To skip the first 2 lines of the CSV file, you can use the SKIP parameter as follows:

LOAD FROM "user.csv" (header = true, skip = 2)
RETURN *;

Create nodes from input file

LOAD FROM "user.csv" (header = true)
CREATE (:User {name: name, age: CAST(age, INT64)});
MATCH (u:User) RETURN u;
----------------------------------------------------
| u |
----------------------------------------------------
| {_ID: 0:0, _LABEL: User, name: Adam, age: 30} |
----------------------------------------------------
| {_ID: 0:1, _LABEL: User, name: Karissa, age: 40} |
----------------------------------------------------
| {_ID: 0:2, _LABEL: User, name: Zhang, age: 50} |
----------------------------------------------------

Reorder and subset columns

You can also use the scan functionality to reorder and subset columns from a given dataset. For example, the following query will return just the age and name in that order, even if the input file has more columns specified in a different order.

// Return age column before the name column
LOAD FROM "user.csv" (header = true)
RETURN age, name LIMIT 3;
--------------------
| age | name |
--------------------
| 30 | Adam |
--------------------
| 40 | Karissa |
--------------------
| 50 | Zhang |
--------------------

Enforce Schema

By default, Kùzu will infer the column names and data types from the scan source automatically.

  • For Parquet, Pandas, Polars and PyArrow, column names and data types are always available in the data source
  • For CSV, we use header names as properties if available, otherwise we fallback naming to column0, column1, .... We also assume that all data types are STRING if no data type information is available in the header
  • For JSON, we use keys as column names, and infer a common data type from each key’s values. To use LOAD FROM with JSON, you need to have the JSON extension installed. More details on using LOAD FROM with JSON files is provided on the documentation page for the JSON extension.

To enforce specific column names and data types when reading, you can use the LOAD WITH HEADERS (<name> <dataType>, ...) FROM ... syntax.

The following query will first bind the column name to the STRING type and second column age to the INT64 type. You can combine this with a WHERE clause to filter the data as needed.

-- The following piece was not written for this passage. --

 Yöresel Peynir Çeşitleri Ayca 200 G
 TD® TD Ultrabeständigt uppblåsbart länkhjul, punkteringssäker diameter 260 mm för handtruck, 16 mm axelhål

LOAD WITH HEADERS (name STRING, age INT64) FROM "user.csv" (header = true)
WHERE name =~ 'Adam*'
RETURN name, age;
--------------
| name | age |
--------------
| Adam | 30 |
--------------

Scan Data Formats

CSV

When loading from a CSV file, you can use a similar syntax to the COPY FROM statement.

If no header row is available, you can simply pass in the CSV file name to the statment and Kùzu will parse each column as STRING type with name column0, column1, ....

Example:

LOAD FROM "test.csv" RETURN *;
-----------
| column0 |
-----------
| a |
-----------
| b |
-----------

If header names are available in the file, you can ask Kùzu to parse the header and use data types and names as specified in the header.

Example:

LOAD FROM "user.csv" (header = true) RETURN *;
-----------------
| name | age |
-----------------
| Adam | 30 |
-----------------
| Karissa | 40 |
-----------------
| Zhang | 50 |
-----------------

Parquet

Since Parquet files contain schema information in their metadata, Kùzu will always use the available schema information when loading from Parquet files.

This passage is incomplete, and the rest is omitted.